叔父様の下で商人としての勉強をするようになって、今まで自分がどれほど贅沢をしてきたか、それだけのお金を稼ぐことがどんなに大変かを知って、自分が恥ずかしくなった。
与えられるものを当たり前のように受け取らず、もっと深く考えるべきだった。
結局、私はお父様と同じく伯爵領を継いでいい人間じゃなかった。
王都に移り住む前、家令のビクターと少し話したけど、彼はずっとシルドランのために頑張ってくれていたのよね。
伯爵令嬢だった頃はそこに思い至ることもなく、お姉様に負けたくないとかアーサー様を渡したくないとか、そんなことばかり考えていた。
お姉様にずっとコンプレックスを抱いてきたけど、そもそも勝てるとか勝てないとかの問題じゃなく、見ている世界からして違っていたのだとビクターと話していて気づいた。
私と違って、お姉様は常に領地を治める者の視点で物事を見ていたのだとわかった。
きっとお姉様なら、伯爵領を継いでも立派に領主としてやっていけたと思う。
もしそうなっていたら、その傍らにはアーサー様が立っていたのかな。
つい先日、正式に私の夫になった彼が、お姉様の夫として。
そう考えるとちょっと苦しくなる。
それでも。
私のやってきたことは間違いだったと、今ならはっきりとわかる。
◇ ◇ ◇
「どうして私のお父さんは時々しか来てくれないの? どうして一緒に暮らせないの?」とお母様に問うと、事情がある、いずれ大きなお屋敷に移ってみんなで暮らせるから、という答えが決まって返ってきた。

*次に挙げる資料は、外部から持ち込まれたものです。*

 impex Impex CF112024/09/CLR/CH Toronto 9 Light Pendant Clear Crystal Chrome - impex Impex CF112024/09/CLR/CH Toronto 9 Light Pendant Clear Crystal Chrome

町はずれの小さな家でお母様と二人で暮らしていたから、大きなお屋敷ってどんなだろうと楽しみだった。
町の大人たちは私たちを見てヒソヒソ話すし、町の子たちは遊んでくれなかったけど、その日がくるのを楽しみにしていた。
十二歳になって、「その日」がやってきた。
お母様は「体が弱いって聞いてたけど思ったより早かったわね」と高笑いしていた。
お父様がどこかのお金持ちらしいことはなんとなくわかっていたけど、伯爵と知って仰天した。

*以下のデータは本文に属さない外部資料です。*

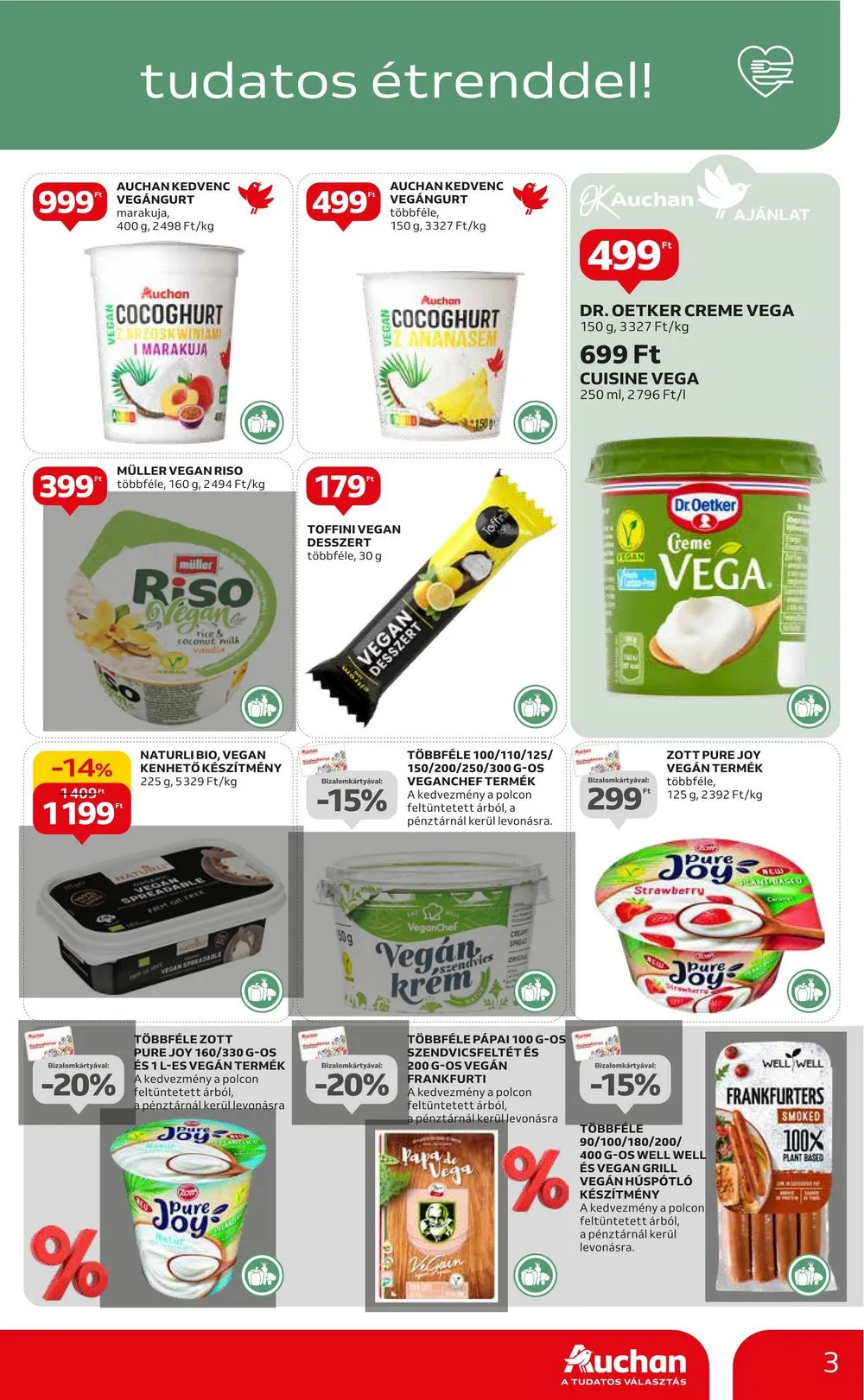 Auchan akciós újság Hipermarket 01.04–01.17 – 3. oldal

そして伯爵領の南端にある町から領主の屋敷に移った時、感動した。
広い部屋に、美味しい食事。かわいいドレスや宝石まで。
その屋敷には私の一つ上のお姉様がいた。
その時はお互いの立場の違いやそこにまつわる複雑な心情を理解できず、お姫様みたいにきれいな姉ができたことがただうれしかった。
お姉様はお父様やお母様とはあまり仲が良くないのかなと思ったけど、私には優しくしてくれた。
仲良くするなとお母様から言われたけど、お姉様はきれいで優しいし、その時は何がいけないのかわからなかった。
私やお母様を見る使用人たちの視線が町の人たちと同じような感じだったけど、それもあまり気にしないようにしていた。
屋敷にきて数か月後、あの言葉を聞くまでは。
あの日、私はお姉様にせがんで二人でかくれんぼをしていた。
リネン室の大きな洗濯籠の中に隠れて、ここならきっと気づかれないはずとドキドキしていたところに、誰かが入ってきた。
もう見つかったのかと思ったけど、お姉様じゃないのは声でわかった。
そのまま隠れ続けていたら、メイド二人が「ほんとうに腹が立つ」「わかるわ」と話し始めた。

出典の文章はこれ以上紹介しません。